A QC representing bereaved families in the Grenfell Tower public inquiry has backed calls for a statutory duty of candour, saying she has often found inquests far more adversarial than any criminal case she has done.
Garden Court Chambers barrister Allison Munroe QC, who has also represented bereaved families in the Hillsborough inquests, was speaking at an event this week to discuss thinktank Justice’s latest report, When Things Go Wrong: the response of the justice system. The report calls for urgent reform for major inquests and inquiries, saying the current system often leaves bereaved families and survivors feeling confused, betrayed and retraumatised.

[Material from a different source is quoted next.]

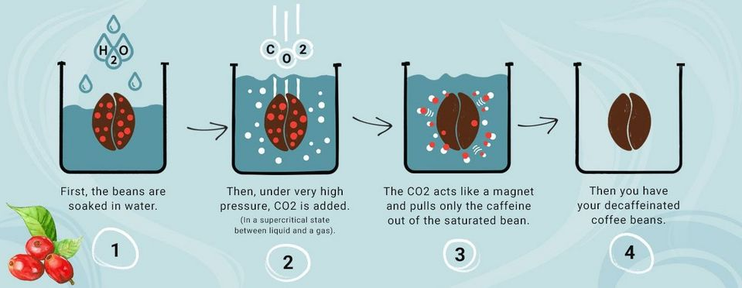 caféïnevrije koffie hoe word het gemaakt process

Among the report’s 54 recommendations are a statutory duty of candour, including a rebuttable requirement for position statements, which Justice says would help foster a ‘cards on the table’ approach.
Munroe said: ‘I have often found inquests, which are supposed to be inquisitorial, are far more adversarial than any criminal cases I have ever done.’
She sees a statutory duty of candour as a pre-requisite. Public bodies, she said, approach inquests and inquiries as ‘litigants who are fighting their position rather than coming to [them] to find the truth or provide information’. However, ‘families are not after retribution, they’re not after money. They want the truth, but they also want to make sure these things do not happen to other families in future and lessons are learned'.
Ken Sutton, director of the Hillsborough Independent Panel, told the event that it was essential for those working in organisations ‘to know that if something does go wrong and there is a possibility of an inquiry, then there will be a statutory requirement of candour’.
He said: ‘We should not underestimate the impact that would have upstream within those organisations. If sometimes more junior members of staff are aware their organisations will be required to be candid, some of the problems of defensiveness can be avoided before they start, not merely corrected at the point of the inquiry.’
Other recommendations in the report include a central inquiries unit to oversee and facilitate information-sharing, a full-time chief coroner, and a special procedure inquest for investigating mass fatalities as well as single deaths linked by system failure.
Justice also recommends setting up an independent body to oversee and monitor implementation of the report’s recommendations.
Sutton said the public will no longer tolerate a failure to learn lessons from past tragedies. ‘That means there has to be a body persistently tracking and prompting those lessons. You cannot rely on insiders in the system to implement the recommendations once they have been made.’